The other possibility is that you can put in cover crops. Now this is especially good because true serious gardeners know that soil is everything. In fact, serious gardeners believe that the vegetables are mere by-products of the good soil – you pretty much just plant the chard to keep the earthworms happy. So if you tell everyone “Oh, I put 80% of my garden into vetch and oats for green manure this year – I really felt the soil needed it” other gardeners will nod wisely and feel sad and selfish because they don’t love their soil enough to forgo pumpkins and parsnips. It helps the effect if you look sad at their selfishness too.
Some of these cover crops actually produce food, too. For example, buckwheat has a delicious salad green, and if you are lazy about cutting it down (which I often am) produces tasty and nutritious seed. It isn’t quite as good for your soil after going to seed, but it isn’t terrible either, and I won’t tell if you don’t. Red clover makes a nutritional tea if you harvest the blossoms. Daikon radishes break up soil, and I promise not to tell if you accidentally harvest one or ten and make kimchi or Japanese pickles with them.
You could even experiment – I have some seed potatoes I have not planted this year – I ran out of space in the potato patch, and I had thought I’d allocated all of the rest of my garden to other things. But I’ve got a spot and I’m curious as to what kind of yield I’ll get from potatoes planted at the end of June around here – for those in warmer places, fall is a good time to plant potatoes. And since my potatoes keep best if they are harvested when it is quite cool, this might actually work out well. ‘Twill be worth a shot, anyway.
“Experiment” explains anything. Just point to your flooded out plot and look wise and say “This is a test garden, planted to compare how well hybrid corn does in marginal conditions vs. open pollinated.” Imply there’s a comparative plot “over there somewhere” and that it is all supposed to look that way.

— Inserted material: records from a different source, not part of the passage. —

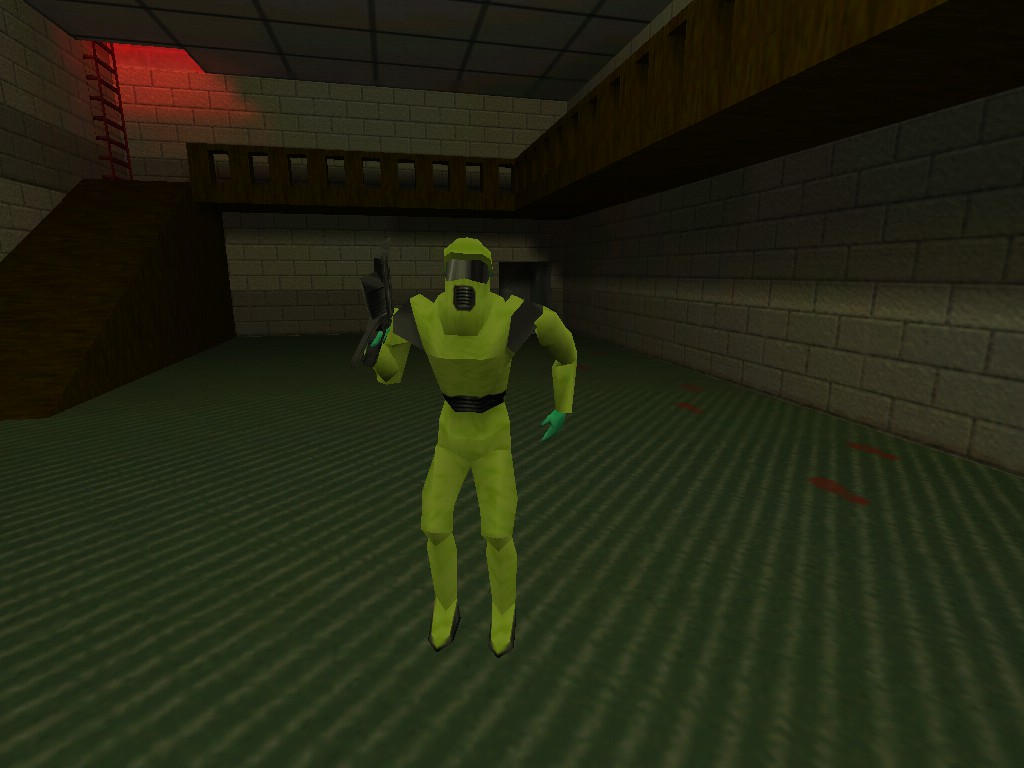 Hazmat Suit image - Hazard: The Plague mod for Half-Life - ModDB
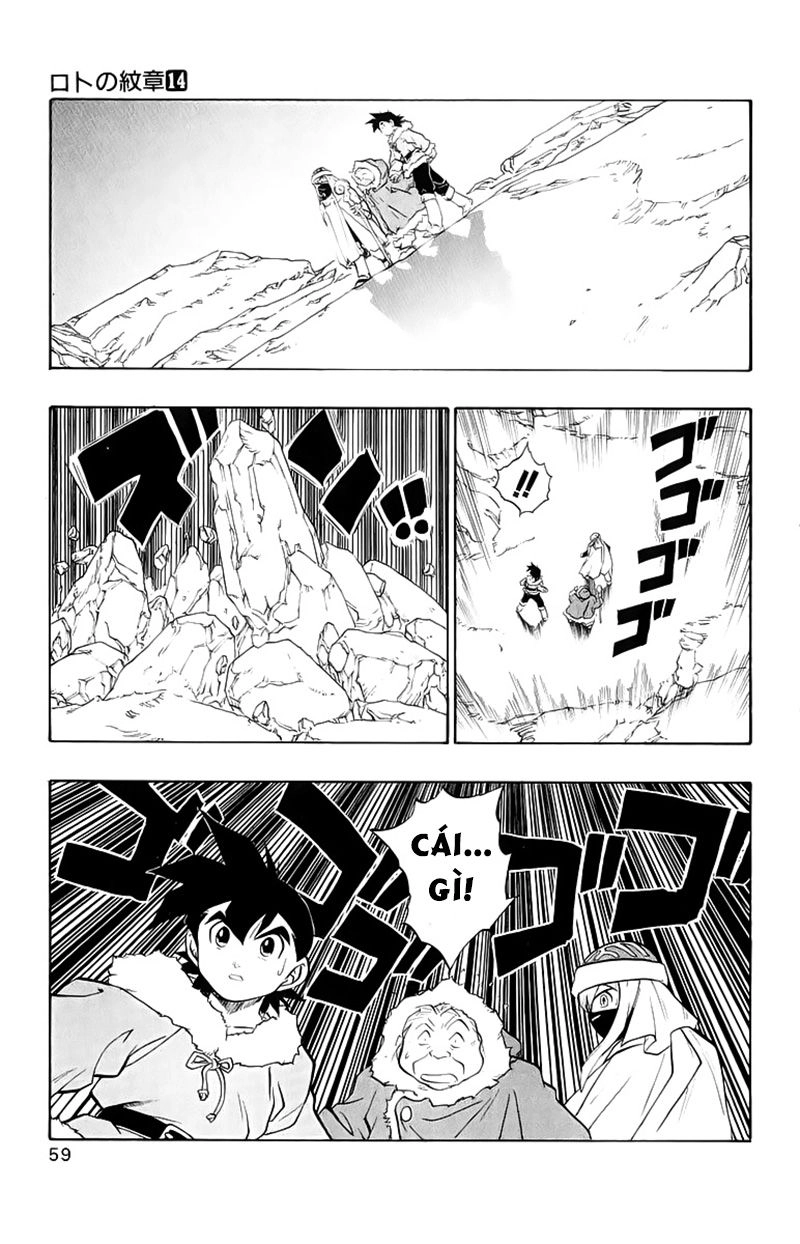 Dragon Quest 2 - Dấu Ấn Rồng Thiêng II Chapter 50 - 8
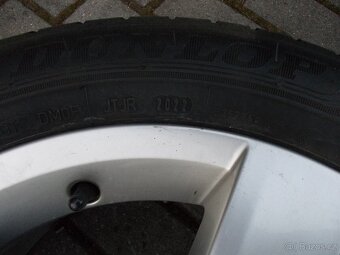 5x112 R16 s PNEU 205/55R16 - 12
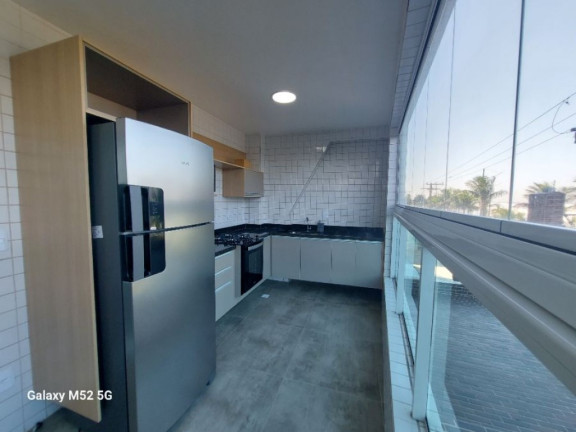Imagem Apartamento com 3 Quartos à Venda, 111 m² em Flórida - Praia Grande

Most of all, remember that you are not doomed. Your next garden will be better, because you will have learned from experience. You have mastered something – next year you will do remarkable things. You will probably make a whole new set of mistakes next year, and come up with a new, creative range of personal excuses. See, you’ve learned something!
And you needn’t worry that my family will get all the good bugs. We’ll be right there along with you, trialing recipes for the discards while some other family, who always does it right, eats the locust croquettes with their correctly succession planted arugula, that never bolts before another crop gets put in place. I already hate them, don’t you?